Task details: Where the records below show a line containing "4 people strapped", start copying; end with the line containing "Ensalada griega con", and copy it too.

Exercise materials:
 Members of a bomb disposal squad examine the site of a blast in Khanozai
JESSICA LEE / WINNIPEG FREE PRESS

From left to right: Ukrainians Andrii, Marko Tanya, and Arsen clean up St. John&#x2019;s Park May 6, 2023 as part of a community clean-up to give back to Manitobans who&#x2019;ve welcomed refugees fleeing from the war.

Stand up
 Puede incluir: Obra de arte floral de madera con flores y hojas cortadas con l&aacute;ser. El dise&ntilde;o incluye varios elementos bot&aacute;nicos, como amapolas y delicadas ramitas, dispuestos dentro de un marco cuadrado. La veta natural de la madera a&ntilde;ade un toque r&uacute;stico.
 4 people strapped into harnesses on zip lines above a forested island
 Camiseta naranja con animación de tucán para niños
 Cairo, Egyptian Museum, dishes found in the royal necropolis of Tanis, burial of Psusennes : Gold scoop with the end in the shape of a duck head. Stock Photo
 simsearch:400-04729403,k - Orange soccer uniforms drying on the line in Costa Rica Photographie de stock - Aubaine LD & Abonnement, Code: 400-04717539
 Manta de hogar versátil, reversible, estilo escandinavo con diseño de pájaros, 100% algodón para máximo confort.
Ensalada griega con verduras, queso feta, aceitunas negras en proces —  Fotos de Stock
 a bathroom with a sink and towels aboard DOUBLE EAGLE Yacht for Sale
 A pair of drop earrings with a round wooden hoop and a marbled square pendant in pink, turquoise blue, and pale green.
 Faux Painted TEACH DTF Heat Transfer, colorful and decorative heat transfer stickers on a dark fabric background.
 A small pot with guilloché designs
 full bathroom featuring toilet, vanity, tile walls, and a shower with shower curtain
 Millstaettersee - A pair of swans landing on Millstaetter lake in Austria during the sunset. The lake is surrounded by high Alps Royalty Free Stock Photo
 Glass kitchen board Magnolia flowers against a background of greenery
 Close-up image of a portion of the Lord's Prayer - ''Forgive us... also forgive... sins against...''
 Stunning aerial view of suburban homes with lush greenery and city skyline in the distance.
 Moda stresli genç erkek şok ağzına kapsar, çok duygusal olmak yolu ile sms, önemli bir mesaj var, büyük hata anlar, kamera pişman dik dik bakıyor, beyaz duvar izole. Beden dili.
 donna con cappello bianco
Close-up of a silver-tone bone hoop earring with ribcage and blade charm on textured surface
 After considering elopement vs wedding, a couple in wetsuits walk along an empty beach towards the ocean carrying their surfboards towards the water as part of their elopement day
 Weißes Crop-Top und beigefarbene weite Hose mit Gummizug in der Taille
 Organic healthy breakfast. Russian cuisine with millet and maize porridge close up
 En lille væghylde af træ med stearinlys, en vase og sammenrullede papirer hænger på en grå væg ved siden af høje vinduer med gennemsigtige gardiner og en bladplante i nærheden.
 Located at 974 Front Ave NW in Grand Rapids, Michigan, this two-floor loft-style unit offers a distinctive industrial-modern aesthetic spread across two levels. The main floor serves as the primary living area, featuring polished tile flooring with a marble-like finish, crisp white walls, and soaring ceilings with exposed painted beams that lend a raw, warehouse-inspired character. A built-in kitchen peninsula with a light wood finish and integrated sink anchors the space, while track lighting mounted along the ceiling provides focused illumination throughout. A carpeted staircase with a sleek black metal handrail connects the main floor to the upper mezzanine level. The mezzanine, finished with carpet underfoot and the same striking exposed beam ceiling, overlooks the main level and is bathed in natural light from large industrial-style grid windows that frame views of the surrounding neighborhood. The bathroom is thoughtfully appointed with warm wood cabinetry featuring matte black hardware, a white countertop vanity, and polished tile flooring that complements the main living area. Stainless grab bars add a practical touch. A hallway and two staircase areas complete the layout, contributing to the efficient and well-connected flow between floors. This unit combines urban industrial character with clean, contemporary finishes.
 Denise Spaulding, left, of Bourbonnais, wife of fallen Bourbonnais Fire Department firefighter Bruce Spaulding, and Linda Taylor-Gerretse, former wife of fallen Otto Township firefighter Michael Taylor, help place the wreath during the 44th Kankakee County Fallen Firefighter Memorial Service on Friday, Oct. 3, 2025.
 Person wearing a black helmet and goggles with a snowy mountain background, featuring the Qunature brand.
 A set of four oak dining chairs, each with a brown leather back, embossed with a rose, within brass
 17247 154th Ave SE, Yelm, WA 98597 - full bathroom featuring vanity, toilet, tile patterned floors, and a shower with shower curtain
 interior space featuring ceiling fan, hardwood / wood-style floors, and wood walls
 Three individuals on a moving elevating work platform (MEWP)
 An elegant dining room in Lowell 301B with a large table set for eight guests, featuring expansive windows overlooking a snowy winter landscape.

Output for this task:
 4 people strapped into harnesses on zip lines above a forested island
 Camiseta naranja con animación de tucán para niños
 Cairo, Egyptian Museum, dishes found in the royal necropolis of Tanis, burial of Psusennes : Gold scoop with the end in the shape of a duck head. Stock Photo
 simsearch:400-04729403,k - Orange soccer uniforms drying on the line in Costa Rica Photographie de stock - Aubaine LD & Abonnement, Code: 400-04717539
 Manta de hogar versátil, reversible, estilo escandinavo con diseño de pájaros, 100% algodón para máximo confort.
Ensalada griega con verduras, queso feta, aceitunas negras en proces —  Fotos de Stock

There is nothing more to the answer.